Trad. de Rose-Marie Makino-Fayolle

Actes Sud, 96 p.

n Yôko Ogawa aime les piscines, les salles de bains, la pluie, les plantes, les insectes, les glaces qui coulent et les gâteaux qui dégoulinent. Yôko Ogawa a l'art du détail qui tue. Après La Piscine, Les Abeilles et La Grossesse (Actes Sud), on retrouve dans L'Annulaire la douceur avec laquelle la romancière japonaise installe, par petites touches, une atmosphère étrange et inquiétante. Son goût pour la cruauté et la morbidité, cachées sous l'apparente banalité des vies.

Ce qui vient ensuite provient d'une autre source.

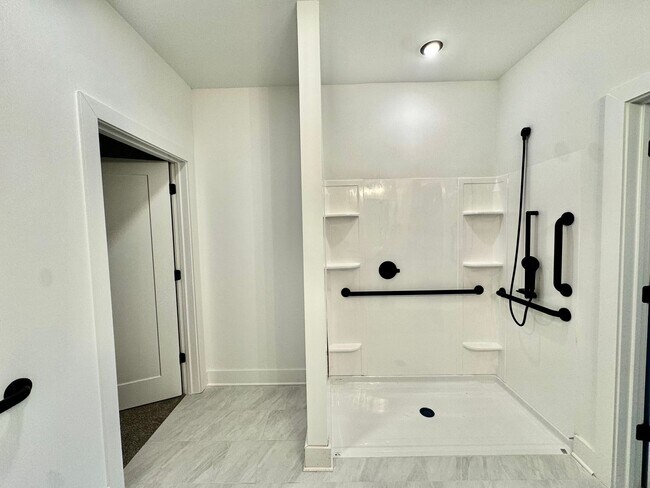 Building Photo - Beautiful NEW 2-Bed, 2- Bath Apartment in Rock Hill!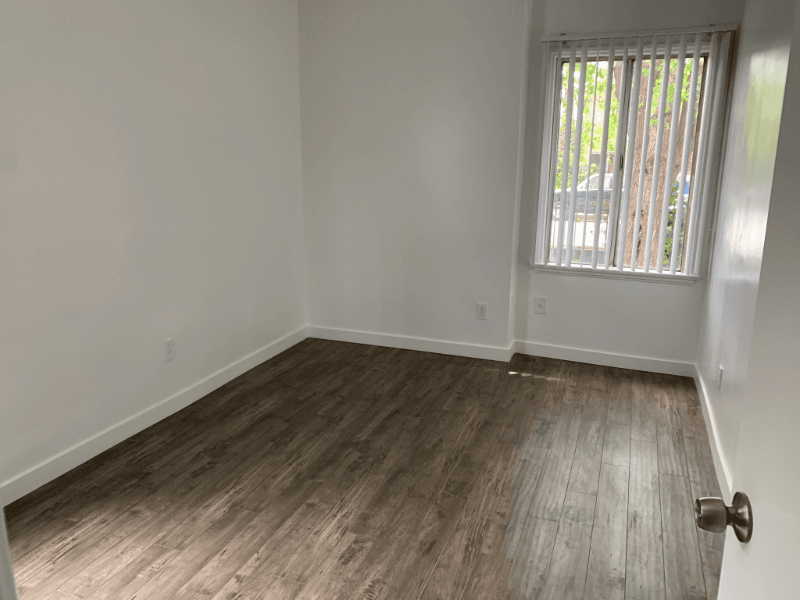Van Nuys Apartment: 14711-14717 Erwin ST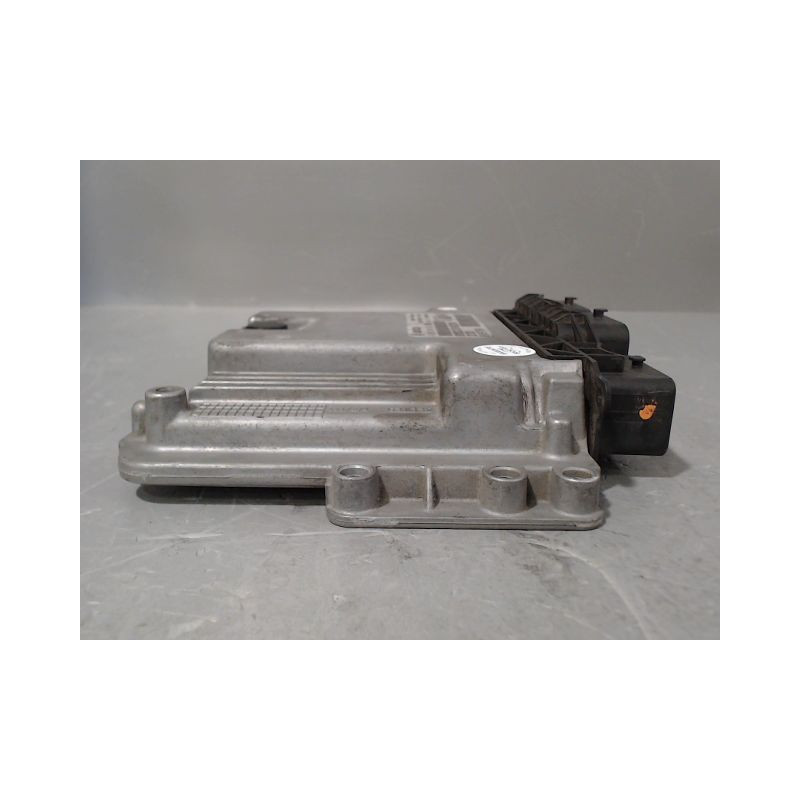 CALCULATEUR MOTEUR PEUGEOT 208 Phase 1 2012-...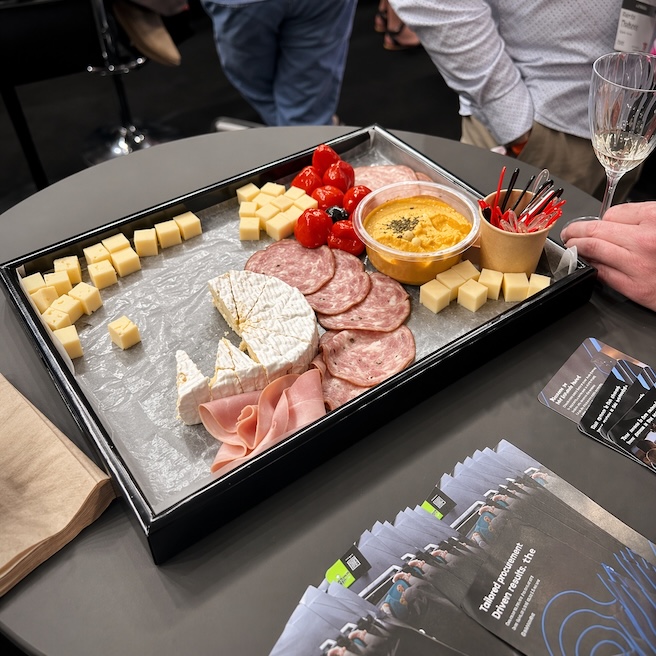 Gamescom Booth Catering: Rules, Vendors, and Strategy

Dans L'Annulaire, une jeune fille est engagée dans un mystérieux laboratoire dirigé par un non moins mystérieux professeur qui naturalise des «spécimens». Pas des papillons étalés dans des cartons ou des grenouilles dans des bocaux de formol, non, les spécimens, ici, peuvent être des champignons microscopiques, une mélodie, une cicatrice, des cheveux… Bref, des bribes de souvenirs, conservées et… oubliées comme dans un cimetière. Happée par l'atmosphère de cet étrange endroit, la jeune fille deviendra à son tour un des spécimens du professeur.